_TASK GOAL_
Each record below should be written out again exactly as given.

_ENTRIES SHOWN_
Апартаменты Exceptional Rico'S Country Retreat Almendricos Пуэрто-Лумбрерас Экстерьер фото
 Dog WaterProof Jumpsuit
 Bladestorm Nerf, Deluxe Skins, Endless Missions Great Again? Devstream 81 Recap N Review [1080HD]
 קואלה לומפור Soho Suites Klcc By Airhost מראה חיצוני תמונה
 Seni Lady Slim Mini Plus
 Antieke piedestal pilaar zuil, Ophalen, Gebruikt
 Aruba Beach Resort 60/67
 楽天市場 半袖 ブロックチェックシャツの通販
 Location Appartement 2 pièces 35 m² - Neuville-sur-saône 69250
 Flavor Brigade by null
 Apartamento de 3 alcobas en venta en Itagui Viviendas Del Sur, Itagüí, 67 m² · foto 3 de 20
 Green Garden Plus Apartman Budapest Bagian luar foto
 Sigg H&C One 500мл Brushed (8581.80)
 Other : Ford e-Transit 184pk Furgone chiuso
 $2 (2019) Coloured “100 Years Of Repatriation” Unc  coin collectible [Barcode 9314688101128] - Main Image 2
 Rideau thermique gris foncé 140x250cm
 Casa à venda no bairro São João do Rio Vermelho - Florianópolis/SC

_EXERCISE RESULT_
Апартаменты Exceptional Rico'S Country Retreat Almendricos Пуэрто-Лумбрерас Экстерьер фото
 Dog WaterProof Jumpsuit
 Bladestorm Nerf, Deluxe Skins, Endless Missions Great Again? Devstream 81 Recap N Review [1080HD]
 קואלה לומפור Soho Suites Klcc By Airhost מראה חיצוני תמונה
 Seni Lady Slim Mini Plus
 Antieke piedestal pilaar zuil, Ophalen, Gebruikt
 Aruba Beach Resort 60/67
 楽天市場 半袖 ブロックチェックシャツの通販
 Location Appartement 2 pièces 35 m² - Neuville-sur-saône 69250
 Flavor Brigade by null
 Apartamento de 3 alcobas en venta en Itagui Viviendas Del Sur, Itagüí, 67 m² · foto 3 de 20
 Green Garden Plus Apartman Budapest Bagian luar foto
 Sigg H&C One 500мл Brushed (8581.80)
 Other : Ford e-Transit 184pk Furgone chiuso
 $2 (2019) Coloured “100 Years Of Repatriation” Unc  coin collectible [Barcode 9314688101128] - Main Image 2
 Rideau thermique gris foncé 140x250cm
 Casa à venda no bairro São João do Rio Vermelho - Florianópolis/SC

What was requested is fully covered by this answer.